Plunkett, an English major, started writing for The Duke sports section in as a freshman in 1934 and then became co-editor of the sports section with fellow student Ray Fagan. Back then, The Duke’s office was in St. Martin’s Hall.
Plunkett and Fagan co-wrote a weekly sports opinion column in The Duke called “Thru the Field Glasses.” Plunkett also occasionally wrote a “Sports Oddities” column.
It was a memorable era for Duquesne athletics, Plunkett said.
“The big thing was that [the football team] beat Pitt one time,” he said with a laugh.

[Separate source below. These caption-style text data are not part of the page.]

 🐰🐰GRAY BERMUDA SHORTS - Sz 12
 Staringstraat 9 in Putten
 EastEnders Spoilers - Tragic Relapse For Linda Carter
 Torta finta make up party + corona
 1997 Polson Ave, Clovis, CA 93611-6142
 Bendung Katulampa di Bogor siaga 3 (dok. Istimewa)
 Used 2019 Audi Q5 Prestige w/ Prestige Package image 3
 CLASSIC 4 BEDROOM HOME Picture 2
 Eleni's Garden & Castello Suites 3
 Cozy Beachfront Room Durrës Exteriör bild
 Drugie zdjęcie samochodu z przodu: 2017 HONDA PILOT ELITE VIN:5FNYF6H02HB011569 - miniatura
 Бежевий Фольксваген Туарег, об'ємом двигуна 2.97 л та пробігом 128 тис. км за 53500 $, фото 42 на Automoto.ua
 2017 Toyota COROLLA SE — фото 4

The Dukes shut out the Pitt Panthers 7-0 on Oct. 17, 1936, at Pitt Stadium. The game’s sole score was a 71-yard touchdown run by Duquesne’s George Matsik.
Plunkett said the city had come up with a theory about Duquesne’s upset win.
“The Diocese of Pittsburgh had a men’s gathering at Pitt Stadium [before] Duquesne played Pitt. And they said that all those Catholics blessed the stadium, so that’s how Duquesne won,” he said, with a laugh.
Plunkett said his favorite Duquesne football players from his time at the university were Chet Airhart, Boyd Brumbaugh and Mike Basrak, the team’s captain and Duquesne’s first-ever All-American.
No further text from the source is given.